I have been fairly candid about my disillusionment about the friendliness of neighbors. It has been humbling because I thought that after the 5th grade gang-ups I’d shed myself of the burden of caring about fitting in, but I was wrong. Aching to belong lingers, no matter your age or place in life. Being the kind of person that uses humor to get past these things, I’ve often made light of our situation with our neighbors.

The truth is that we live in a lovely neighborhood. We have the best elementary school in the district a stone’s throw from our house, we walk to the Farmer’s Market every Saturday morning, we have three grocery stores to choose from, each within 2 miles of our house, and, despite my grumblings, we are blessed to have some wonderful ( and exceptionally colorful) neighbors.

This week my mom and sister are visiting, their mission, to get me off my feet and take care of things around the house.

“Now, don’t do a mom-is-coming-to-visit cleaning blitz before I arrive.”

“I won’t.”

“You promise?”

“Yup.”

“Really?”

“Uh-huh.”

And I didn’t, at least not like we usually do. We did put some toys away and pass my beloved Dyson through the dried macaroni and crushed leaves wake that runs from our front door to the kitchen, but the laundry stayed dirty and I didn’t run Clorox wipes over every imaginable surface. Unfortunately, I spent the first three days of their visit kind of tearing ass through the house, following the girls as they chased their aunt and just generally enjoying having them around.

Friday I hit a serious wall, cartoon style. I’d been going, going, going, when all of a sudden I thought, “Maybe I should lie down.” The next thing I knew my face and the sofa began to resemble a memory foam diagram, the left side of my face completely submerged in the cushion. There was a vague sensation of clouds passing, which I realized was a person slipping past me and laying a blanket over my inert form, voices in the distance:

“Leafses.”

“You want to go to gather leaves?”

“Uh-huh, let’s get together some leafses.”

“Ok, we need to find your shoes.”

And then it was quiet. I’m not sure how long I slept, but when I woke my contacts were stuck to my eyes and I looked around sheepishly as I slid a pillow over the shocking pond of drool I’d created. I sat for a moment taking stock of the situation.

No dog. She always curls at my feet when I nap.
No sounds. No computer, no music. No girls.
Stillness. No clanging in the kitchen, no whirring of washing machine.
They were gone.

I stood slowly and slipped on a pair of shoes. Then I walked outside, the brightness of the afternoon a shock. Standing outside our house I listened for them, thinking I could at least determine which direction to walk. Nothing. No one in the backyard, no one down our block, so I turned left and headed to the corner. I’d not walked ten steps before our neighbor called to me:

“Amanda. Are you looking for them?”

“Yes.”

“They just walked that way, should be right there.” She was indicating down the street I was facing. I lifted my hand and called out a thanks. Taking a few more steps, I paused at the corner. Three doors down a head popped up.

“Amanda?”

“Yes?”

“They just walked that way.” She said pointing her thumb down the street.

“Thanks.”

“You should be in bed.” She called out with a smile.
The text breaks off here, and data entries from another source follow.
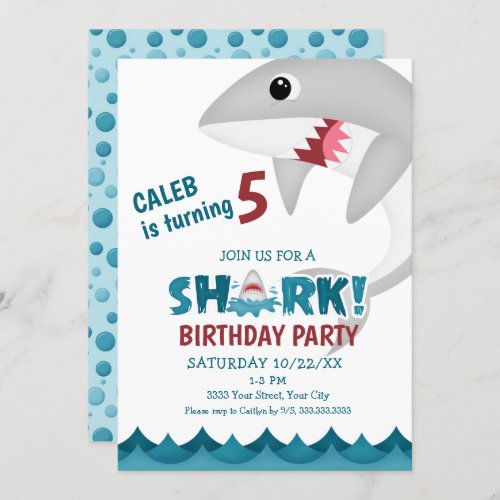 Kids Shark Birthday Party Invitation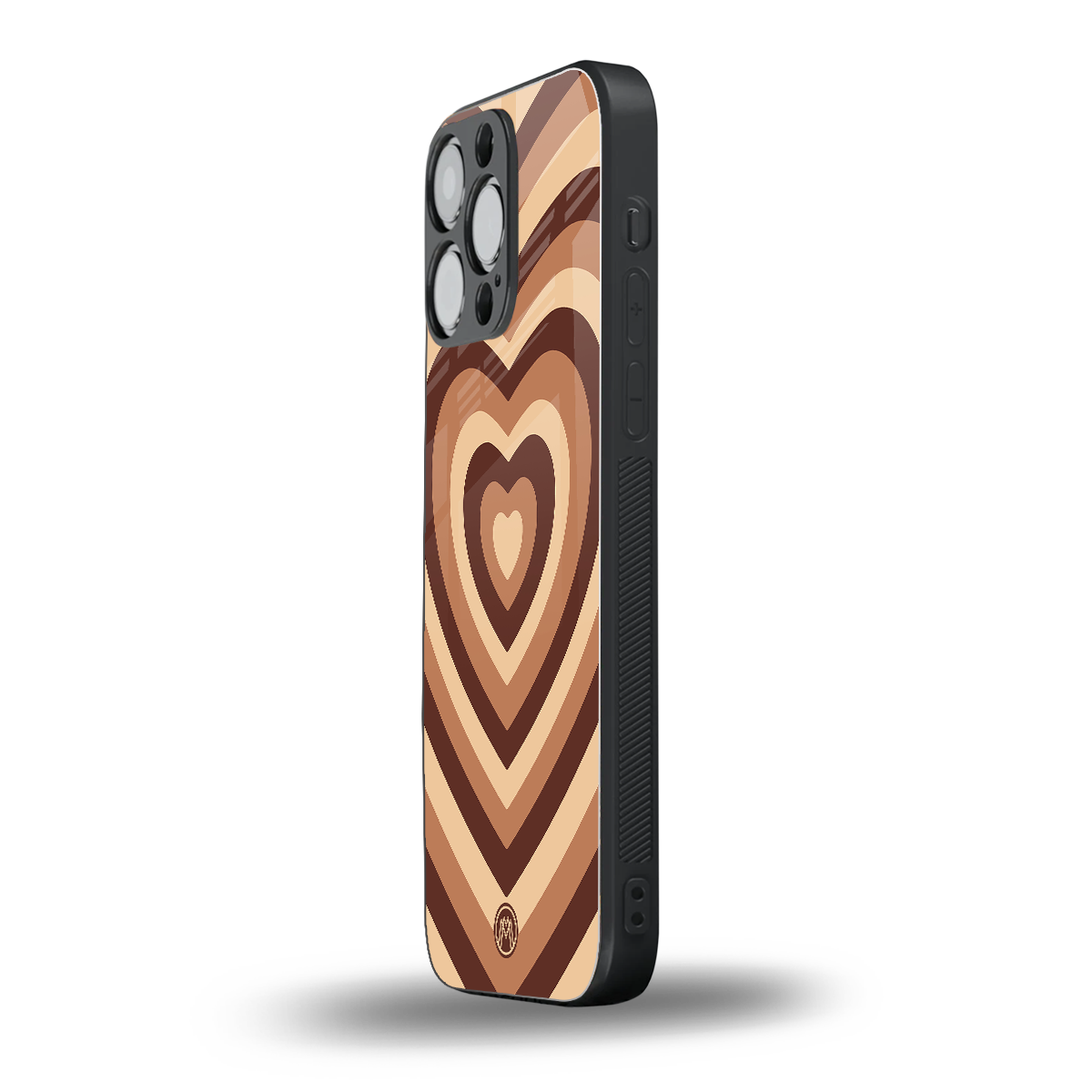 y2k brown hearts aesthetic back phone cover | glass case for iphone 14 pro max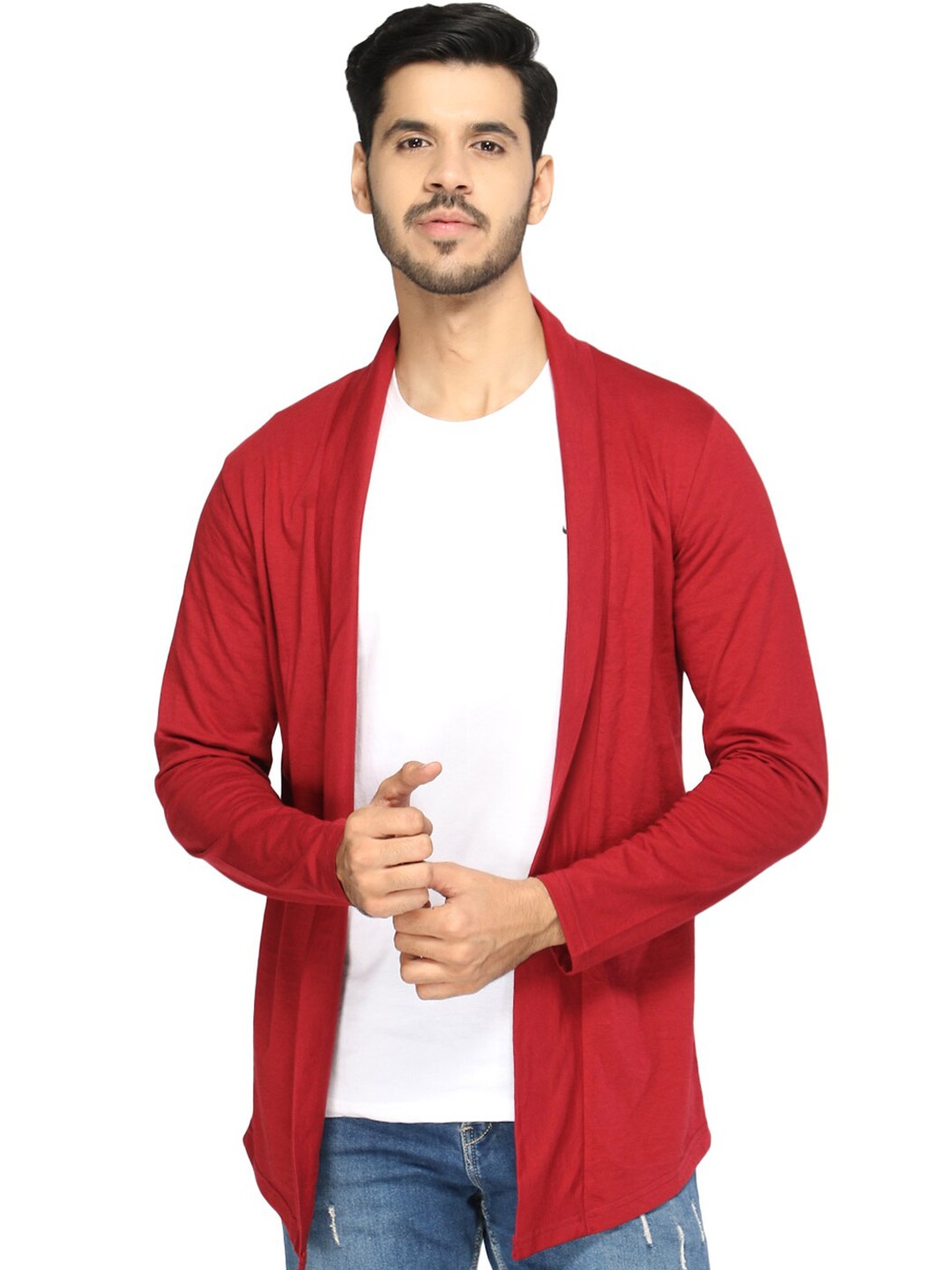 

GLITO Shawl Collar Cotton Shrug, Maroon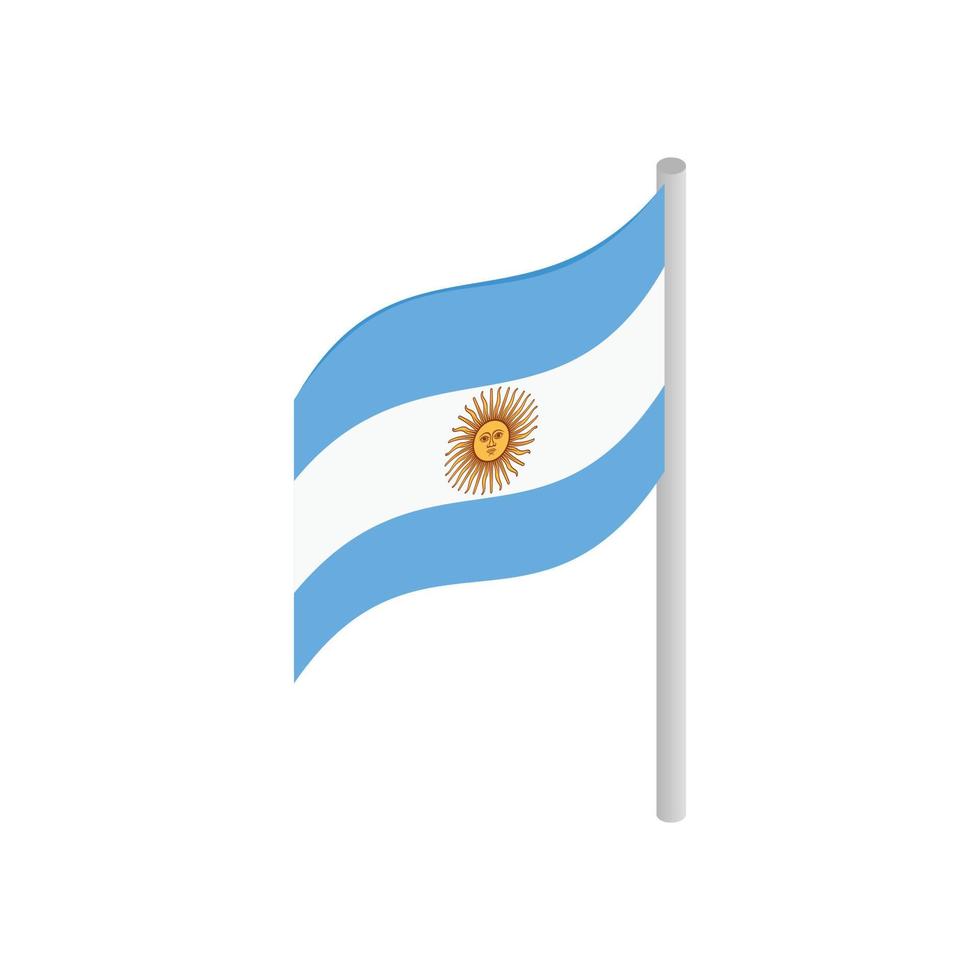 Flagge von Argentinien-Symbol, isometrischer 3D-Stil vektor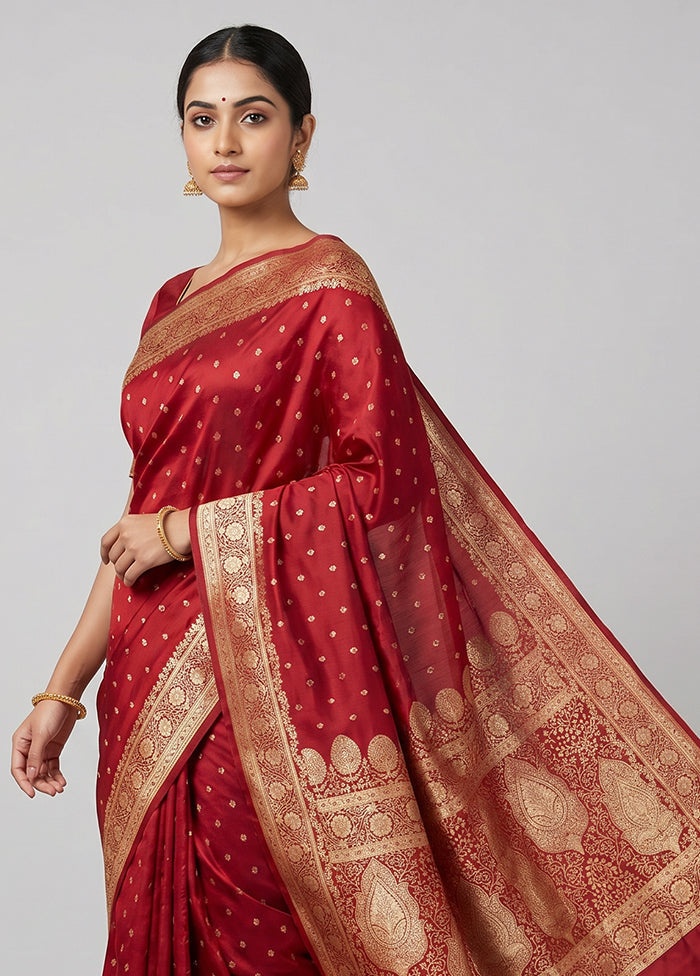 Red Banarasi Silk Saree With Blouse Piece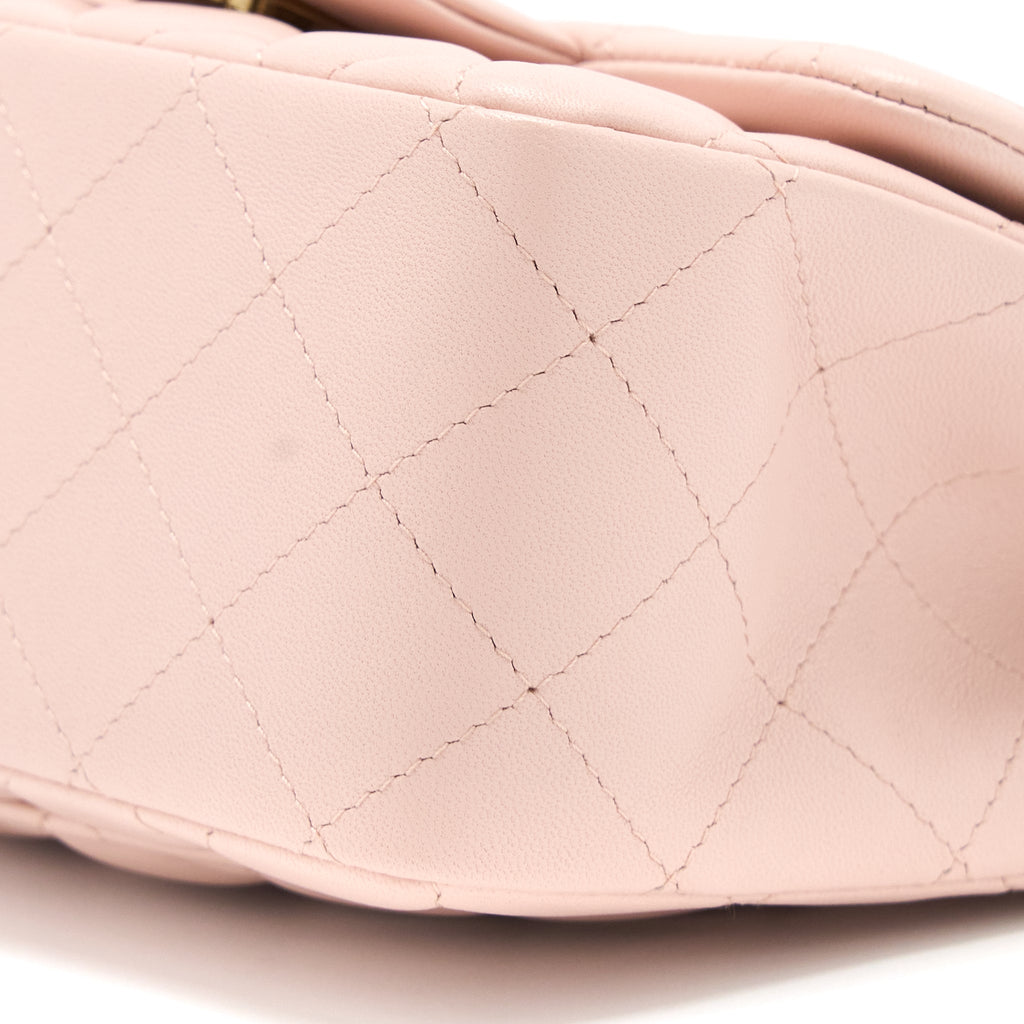 CHANEL MINI SQUARE FLAP BAG LAMBSKIN LIGHT PINK LGHW (MICROCHIP)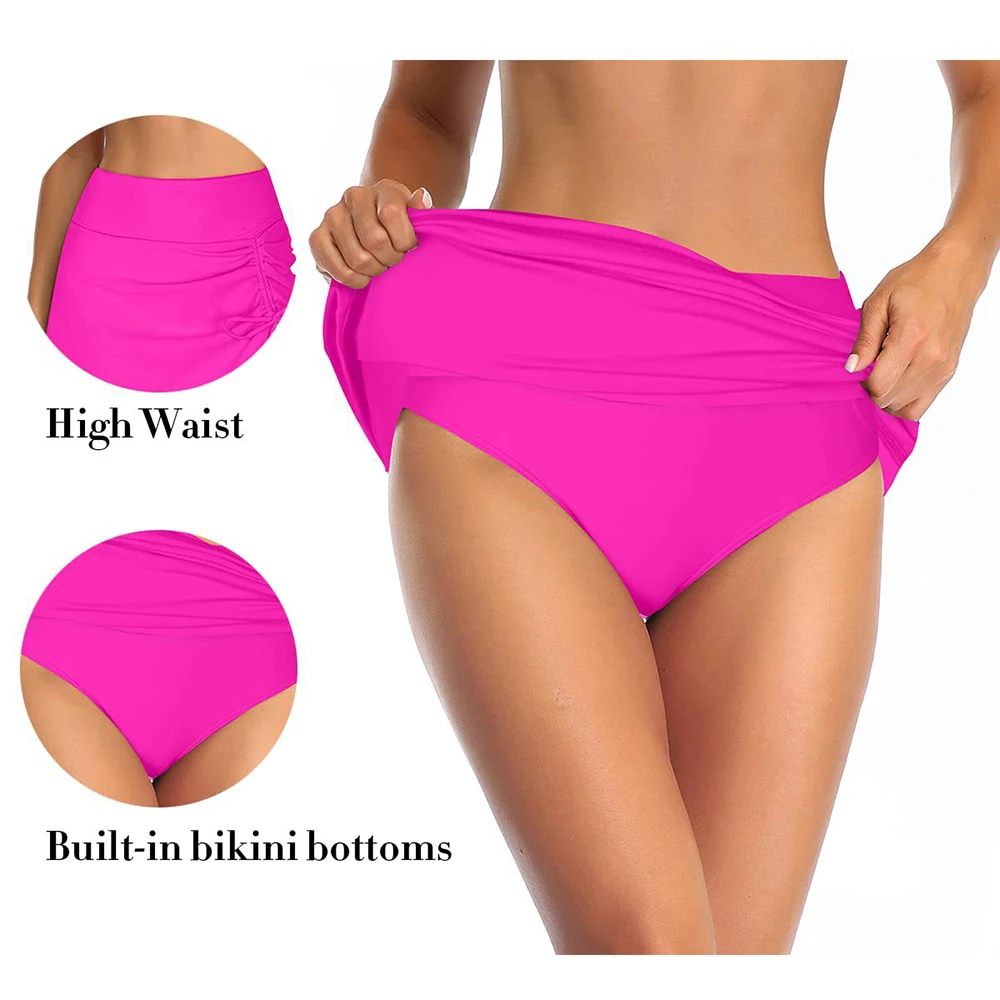 Drawstring Bikini Bottom 2026 High Waist Swimsuit Dress Sports Swimwear Female Skirt Bathers Bathing Swimming Swim Pants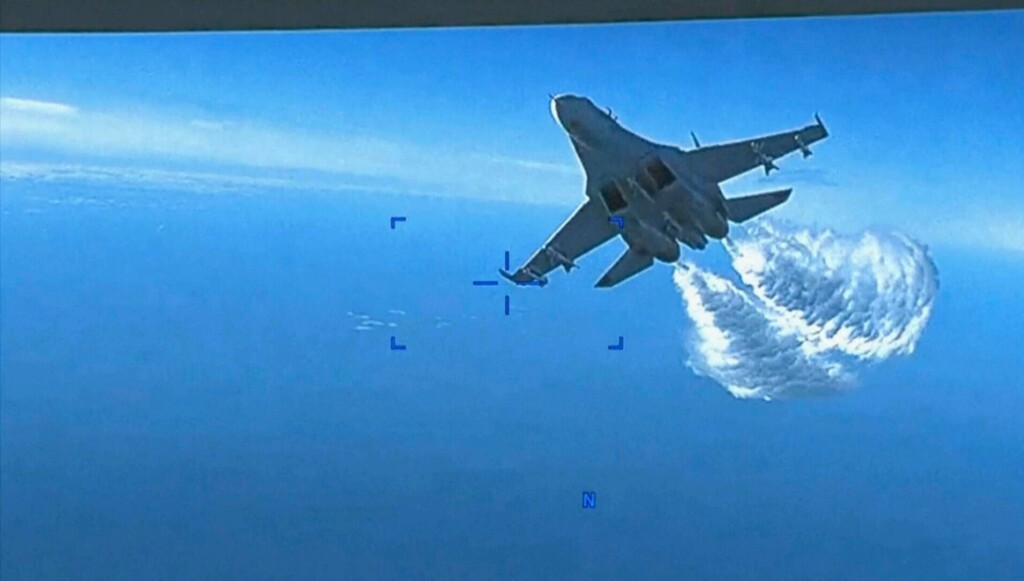 Pentagon Video Shows Russian Jet Dumping Fuel On Us Drone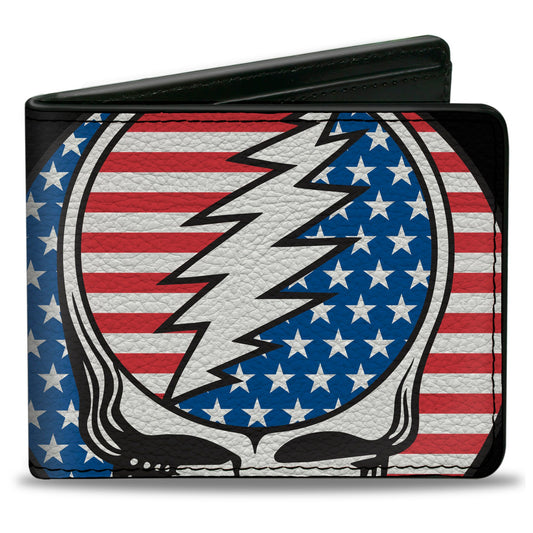Bi-Fold Wallet - GRATEFUL DEAD Steal Your Face Stars and Stripes Close-Up Black/White/Red/Blue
“You’re probably right,” I returned rather feebly, still dazed by the immediacy of the unsolicited help.

“Hey, Amanda!”

“Yes,” I shielded my eyes and looked further down the street.

“They just rounded the corner and should be coming your way.” A male neighbor shouted.

“Thanks.”

“Now go put your feet up.” He said as he went back to raking.

I shook my head. This neighborhood, these people, people I have yearned to belong to, had, in one unchoreographed, and heart piercing gesture of awareness and consideration, demonstrated that not only did they know we were here, but they cared. They cared that I was getting enough rest, cared that I wanted to know where my girls were. The emotion of receiving such old fashioned, good neighbor kindness made my heart swell. People were looking out for me and for my family. I cannot fathom a more precious thing to have than that.